Они еще долго спорили по этому поводу, и в конце концов Ахмед вынужден был сдаться. Он ненавидел Кемаля-пашу, но при этом не имел ничего против турок как таковых. Он с детства привык жить, зная, что его жизнью из Стамбула управляет султан. Так же жили и все его предки. Он уже начал жалеть, что позволил шурину заморочить ему голову своими идеями.
«Я сам виноват, – думал он. – Ишь, обрадовался, что меня принимают в доме такого человека. А ведь стоило бы подумать, с какой стати они вдруг стали искать моего общества».
Когда он вернулся домой, Дина принялась было его расспрашивать, о чем говорили за ужином в доме Омара. Она очень гордилась, что ее мужа принимаются в доме такого человека, и хотя не слишком этим хвасталась, но иной раз все же не могла удержаться, чтобы не упомянуть в разговоре с соседками, что ее Ахмед запросто бывает в доме Омара Салема.
Теперь же Дина не на шутку встревожилась, увидев, что Ахмед вернулся домой с каменным лицом и, не сказав ни слова, лег в постель и повернулся к ней спиной. Тем не менее, Дина знала, что он так и не смог уснуть, угнетенный тяжелыми думами.
– Почему ты не хочешь мне рассказать, что случилось? – прошептала она ему на ухо.
Но Ахмед ничего не ответил, и Дина не стала настаивать.
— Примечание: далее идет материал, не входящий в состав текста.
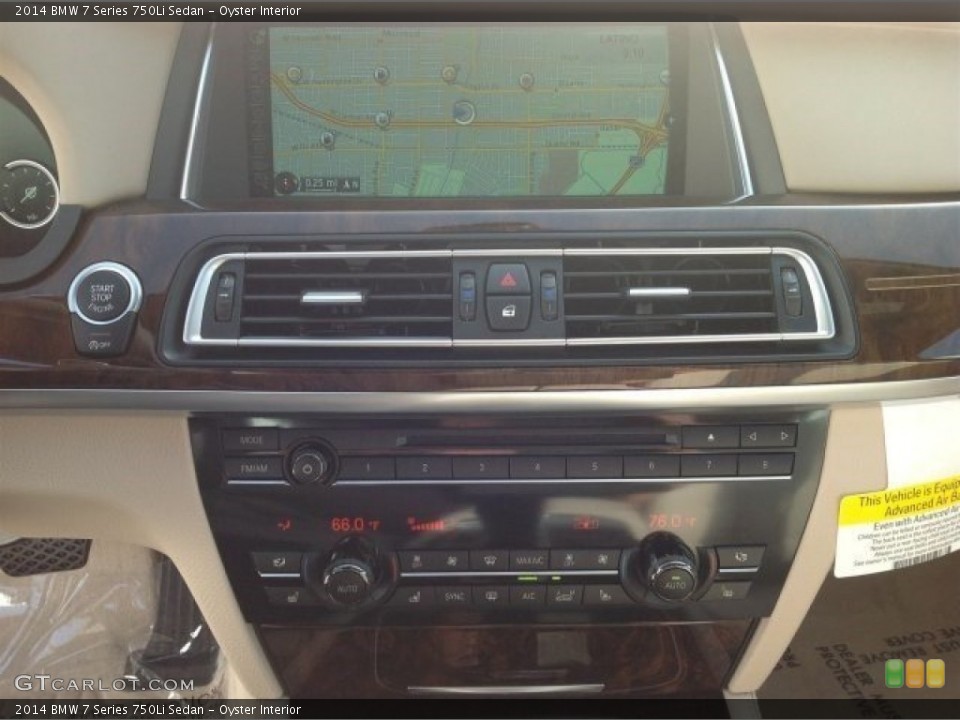 Oyster Interior Controls for the 2014 BMW 7 Series 750Li Sedan #90950042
Уж она-то знала, что в конце концов он все ей расскажет, но сначала он должен сам все обдумать.
На следующее утро она завела разговор об Айше. Та выглядела грустной и нервной, как будто предстоящая свадьба вовсе ее не радовала.
– Я понимаю, что пути назад нет, но порой меня одолевают сомнения: действительно ли наша дочка этого хочет? – призналась Дина мужу.
– Я и сам советовал тебе подождать, это ты торопила с ее замужеством, – хмуро бросил Ахмед. – Она совсем еще молода, вполне можно было и подождать год-другой.
– Я в ее возрасте уже была замужем, – сердито ответила Дина, задетая его упреком.
– Она выйдет замуж за Юсуфа, вот тебе мое слово, – заверил Ахмед, прежде чем отправиться на работу в карьер.
Утром он не хотел разговаривать даже с Игорем, сыном Руфи и Ариэля. День за днем они вместе отправлялись в карьер, болтая по дороге о разных пустяках. Игорь был отличным парнем, честным и трудолюбивым, вот только слишком уж он был повернут на идеях социализма, которые впитал с молоком матери, а для Ахмеда они так и оставались всего лишь пустыми словами.
Почти весь день он думал, кому может довериться. Он не был уверен, что несмотря на общее недовольство, среди рабочих в карьере найдутся люди, которые решились бы принять участие в бунте против турок. Жаловаться на жизнь – да, сколько угодно, проклинать Кемаля-пашу – за милую душу, но чтобы осмелиться на что-то большее...
Когда рабочие собрались обедать, к нему подошел Иеремия.
– Ты выглядишь расстроенным. Тебя что-то беспокоит?
Вопрос Иеремии застал Ахмеда врасплох; он мысленно обругал себя за то, что плохо скрывал свои чувства.
– Меня беспокоит замужество Айши, она еще так молода, – признался он со смущением в голосе.